Different types of failures can occur in a relational database management system:
Because of a power or processor error, the DB2 database manager can end abnormally.
A DASD can give hardware errors, and there might be cases where this DASD should be replaced. The DB2 database manager can end abnormally.
Not only the operating system can end abnormally, but there may be some conditions where the database manager decides to end abnormally.
An application can fail and lead to a situation where some tables have been updated and committed and others that should have been are not. Interactive users can make changes and by error request an update or delete that was not intended.
The various failure sources can lead to any of the following problems, which can happen alone or in combinations:
From a failure where the complete system comes down, the DB2 database manager normally recovers after the UNDO/REDO process. Only the LUWs that were currently active when the failure occurred would have to be restarted. In some cases this is not so obvious and needs some investigation to be sure that the data in all tables is consistent with what is expected.
Here you need to determine what type of disk or extent is affected.
If single logging is used, any I/O error causes the database manager to end. With dual logging, the database updates are recorded in two log extents. The database manager continues running as long as it can read and write from one of the log disks. It is recommended to allocate these log disks on different DASD, as an unrecoverable error is unlikely to occur on both DASD at the same time.
In VM, you should additionally make sure that the database's 191 minidisk is on another DASD, because this also contains a copy of the log history file, and this A-disk file is automatically used during a restore, if the log history area is unusable due to a log failure.
Note: | There might be a situation where the database should be restored on a different system, or that all dbextents should be replaced. Refer to Recover from System Failure for a detailed explanation of saving the log history information. |
To recover from a damaged log disk, follow the procedure as described in the DB2 Server for VSE System Administration and DB2 Server for VM System Administration manuals.
To reduce the probability of failures of the directory disk (BDISK), always end the database manager with the SQLEND parameter DVERIFY, to have a directory verification. This function checks for inconsistencies in the directory, and thus allows you to avoid archiving an inconsistent directory.
Note: | It is especially recommended to perform an SQLEND DVERIFY just for that purpose after having loaded a large quantity of data or after critical data has been updated. This verification can shorten the period between an inconsistency and its discovery. |
Physical Error
The only way to recover from a physical error on the directory disk, is to restore any archive and, dependent on the logmode, recover the log (and log archives, if LOGMODE=L).
Logical Error
There are some undocumented built-in tools in DB2 that can help to recover from logical errors on the directory disk (BDISK) such as pointing to a wrong page. Because these tools are very powerful and if misused can destroy the entire database, these commands or procedures should never be run unless explicitly requested by the IBM Support Center. Before starting any of these tools, make sure you have an archive of the complete database just in case anything goes wrong.
Data Recovery gives you an overview of procedures that can be used to recover as much data as possible, should a data disk be damaged.
Physical Error
The sequence of operations to replace a data disk (dbextent) is described in the DB2 Server for VSE System Administration manual.
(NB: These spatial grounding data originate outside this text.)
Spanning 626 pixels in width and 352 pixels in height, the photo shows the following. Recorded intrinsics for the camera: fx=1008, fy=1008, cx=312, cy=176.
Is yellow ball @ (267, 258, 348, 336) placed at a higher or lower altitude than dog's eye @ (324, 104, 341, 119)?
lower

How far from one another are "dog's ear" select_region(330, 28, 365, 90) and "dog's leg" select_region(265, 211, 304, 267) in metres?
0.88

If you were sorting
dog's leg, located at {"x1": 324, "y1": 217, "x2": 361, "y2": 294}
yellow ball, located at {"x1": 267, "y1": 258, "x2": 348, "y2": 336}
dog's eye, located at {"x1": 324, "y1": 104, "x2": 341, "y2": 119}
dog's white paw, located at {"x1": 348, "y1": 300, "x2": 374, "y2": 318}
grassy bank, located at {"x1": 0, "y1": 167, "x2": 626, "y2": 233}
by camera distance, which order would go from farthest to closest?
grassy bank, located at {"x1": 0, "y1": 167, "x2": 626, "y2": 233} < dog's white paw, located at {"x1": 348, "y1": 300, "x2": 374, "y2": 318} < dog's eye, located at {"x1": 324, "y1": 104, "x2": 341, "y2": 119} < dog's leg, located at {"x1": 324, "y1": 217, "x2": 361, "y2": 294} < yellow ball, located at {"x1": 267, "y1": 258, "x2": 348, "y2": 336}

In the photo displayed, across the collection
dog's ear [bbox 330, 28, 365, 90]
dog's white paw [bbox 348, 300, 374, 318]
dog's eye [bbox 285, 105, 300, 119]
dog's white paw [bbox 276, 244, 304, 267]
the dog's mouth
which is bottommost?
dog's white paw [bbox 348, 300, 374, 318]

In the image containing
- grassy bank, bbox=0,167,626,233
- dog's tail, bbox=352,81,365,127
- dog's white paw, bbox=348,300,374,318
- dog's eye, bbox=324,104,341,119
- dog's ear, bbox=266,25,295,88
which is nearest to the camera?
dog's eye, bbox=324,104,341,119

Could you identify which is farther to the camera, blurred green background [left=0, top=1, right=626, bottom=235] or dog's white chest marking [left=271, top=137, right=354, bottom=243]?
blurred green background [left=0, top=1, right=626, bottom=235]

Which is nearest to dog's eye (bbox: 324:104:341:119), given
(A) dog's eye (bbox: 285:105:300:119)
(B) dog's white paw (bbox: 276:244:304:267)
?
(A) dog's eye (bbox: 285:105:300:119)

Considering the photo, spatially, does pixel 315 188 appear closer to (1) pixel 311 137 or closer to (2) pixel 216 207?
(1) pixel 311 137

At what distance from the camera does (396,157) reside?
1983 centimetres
The sequence of operations to replace a data disk (database minidisk) is described in the DB2 Server for VM System Administration manual.
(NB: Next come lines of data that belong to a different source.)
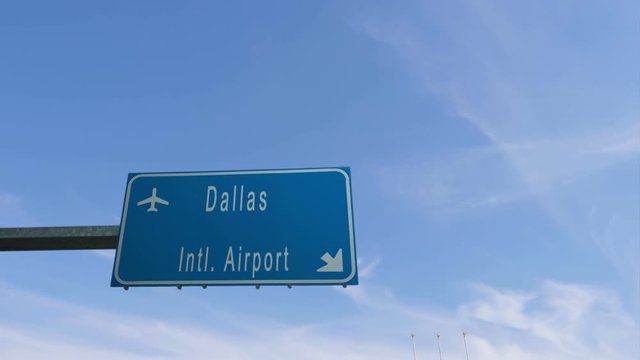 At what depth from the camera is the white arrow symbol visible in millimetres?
5336

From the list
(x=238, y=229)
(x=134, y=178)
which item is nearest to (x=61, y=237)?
(x=134, y=178)

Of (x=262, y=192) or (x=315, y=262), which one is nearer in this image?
(x=315, y=262)

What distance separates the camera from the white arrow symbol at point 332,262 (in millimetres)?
5336

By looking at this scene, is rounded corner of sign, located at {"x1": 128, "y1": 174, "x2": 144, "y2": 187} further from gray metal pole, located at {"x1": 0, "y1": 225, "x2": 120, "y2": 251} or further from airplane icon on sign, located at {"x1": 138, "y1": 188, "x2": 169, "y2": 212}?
gray metal pole, located at {"x1": 0, "y1": 225, "x2": 120, "y2": 251}

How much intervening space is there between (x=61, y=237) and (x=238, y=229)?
2.56 meters

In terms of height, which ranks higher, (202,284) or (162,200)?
(162,200)

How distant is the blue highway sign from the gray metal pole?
1.14ft

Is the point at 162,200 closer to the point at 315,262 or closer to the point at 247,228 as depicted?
the point at 247,228

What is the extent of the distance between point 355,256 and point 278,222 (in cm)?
111

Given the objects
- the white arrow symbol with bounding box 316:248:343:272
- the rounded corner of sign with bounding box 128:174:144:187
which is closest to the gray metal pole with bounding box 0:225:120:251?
the rounded corner of sign with bounding box 128:174:144:187

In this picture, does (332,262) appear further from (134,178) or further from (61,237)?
(61,237)

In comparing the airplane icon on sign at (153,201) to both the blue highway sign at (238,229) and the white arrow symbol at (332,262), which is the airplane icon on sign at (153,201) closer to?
the blue highway sign at (238,229)

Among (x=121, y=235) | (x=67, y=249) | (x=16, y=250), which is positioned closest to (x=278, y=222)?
(x=121, y=235)

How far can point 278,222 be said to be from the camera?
225 inches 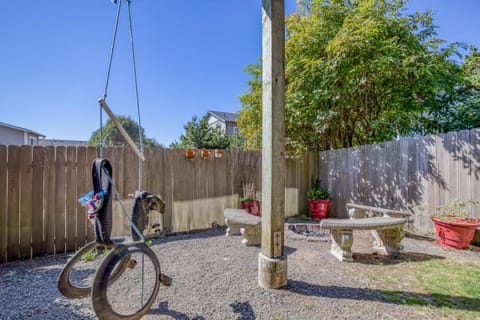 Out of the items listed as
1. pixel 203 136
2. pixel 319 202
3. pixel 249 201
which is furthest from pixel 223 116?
pixel 249 201

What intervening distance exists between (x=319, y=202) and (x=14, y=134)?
17.3 metres

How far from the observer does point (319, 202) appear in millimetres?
5285

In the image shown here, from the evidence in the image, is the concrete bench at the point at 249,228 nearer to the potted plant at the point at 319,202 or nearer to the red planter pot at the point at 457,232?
the potted plant at the point at 319,202

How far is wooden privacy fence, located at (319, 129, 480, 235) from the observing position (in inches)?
125

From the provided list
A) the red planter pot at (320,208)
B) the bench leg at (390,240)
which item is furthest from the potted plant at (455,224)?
the red planter pot at (320,208)

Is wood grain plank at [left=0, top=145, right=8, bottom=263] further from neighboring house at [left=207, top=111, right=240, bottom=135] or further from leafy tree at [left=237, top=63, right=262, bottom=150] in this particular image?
neighboring house at [left=207, top=111, right=240, bottom=135]

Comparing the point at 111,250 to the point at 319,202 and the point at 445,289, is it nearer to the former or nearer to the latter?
the point at 445,289

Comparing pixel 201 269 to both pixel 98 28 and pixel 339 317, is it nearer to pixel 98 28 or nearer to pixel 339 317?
pixel 339 317

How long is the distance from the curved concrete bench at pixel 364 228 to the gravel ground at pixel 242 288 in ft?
0.42

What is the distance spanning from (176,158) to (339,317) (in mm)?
3422

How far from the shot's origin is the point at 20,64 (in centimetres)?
680

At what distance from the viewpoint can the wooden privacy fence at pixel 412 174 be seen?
3.17 meters

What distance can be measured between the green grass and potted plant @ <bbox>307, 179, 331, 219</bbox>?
259 cm

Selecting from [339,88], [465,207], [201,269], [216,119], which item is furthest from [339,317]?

Logical Error: Data or Index Page Corruption
A data or index page corruption can only be detected when this page is actually requested by the database manager. When a corruption is detected, it may be possible that the restore of your database or storage pool will not help, because this corruption was already present when the backup was taken.
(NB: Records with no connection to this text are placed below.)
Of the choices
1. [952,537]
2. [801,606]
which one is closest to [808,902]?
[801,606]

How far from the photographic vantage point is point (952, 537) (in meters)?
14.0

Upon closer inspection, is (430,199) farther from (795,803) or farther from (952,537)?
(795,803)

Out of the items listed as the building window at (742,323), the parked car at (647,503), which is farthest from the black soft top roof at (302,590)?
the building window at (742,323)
Note: | Therefore it is recommended to keep different sets of backups and the logs in between, so that it may be possible to restore your database to the point where it was free of corruption, and then apply forward recovery with the logs if they are available. |
If only the index has been corrupted, a drop and create index might correct the problem.
The procedure for data pages is more complicated. Technical help from the IBM Support Center using special programs might correct such a problem, depending on the kind of corruption, but such programs should only be executed in cooperation with someone at the IBM Support Center.
From an operating system abnormal end, such as from a power or hardware failure, the DB2 database manager normally recovers after the UNDO/REDO process. Only the LUWs that were currently active when the failure occurred would have to be restarted. In some cases this is not so obvious and needs some investigation to be sure that the data in all tables is consistent with what is expected.
Due to a problem with the DB2 software, in an extreme situation a corruption could occur in the database. If the database becomes corrupted, the problem may not be very obvious and may not be noticed until several archives have been taken.
A problem may occur with an application and lead to a situation where some tables have been updated and committed and others that should have been are not. This situation requires investigation to restore the data to a consistent state, as it was before the application was started or to a point that all data is synchronized. A similar situation can happen when interactive users make changes and by error request an update or delete of data that was not intended.